Jammu and Kashmir Infrastructure Development Finance Corporation
- Abbreviation: JKIDFC
- Formation: 2018; 8 years ago
- Type: Registered corporation under the Companies Act
- Headquarters: Jammu and Kashmir, India
- Chairperson: Arun Kumar Mehta(IAS)
- Website: https://www.jkidfc.in/

= Jammu and Kashmir Infrastructure Development Finance Corporation =

Jammu and Kashmir Infrastructure Development Finance Corporation (JKIDFC) Limited was formed in 2018 to speed-up pending, unfunded or languishing infrastructure development projects in Jammu and Kashmir. JKIDFC is a registered corporation under the Companies Act that is mandated to raise funds up to ₹8000 crore, which are guaranteed by the state government, for funding infrastructure development in Jammu and Kashmir. Some of the projects which JKIDFC is undertaking have been pending for 25 years old.

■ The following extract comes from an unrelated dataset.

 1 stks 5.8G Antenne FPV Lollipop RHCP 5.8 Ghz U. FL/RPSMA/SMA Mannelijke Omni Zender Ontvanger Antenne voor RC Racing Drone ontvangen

On 9 August 2020, it was announced the that "over 600 projects of immense public importance", projects which had been left languishing for up to 25 years, had been completed. These projects include extension/construction/widening of roads, bridges, water supply schemes and flats. Other major projects included development of industrial estates, healthcare infrastructure, entrepreneurship development institutes, sports infrastructure, education infrastructure and hand pumps across the region. In financial year 2019–20, over 1200 projects worth ₹2280 crore were financed under JKIDFC.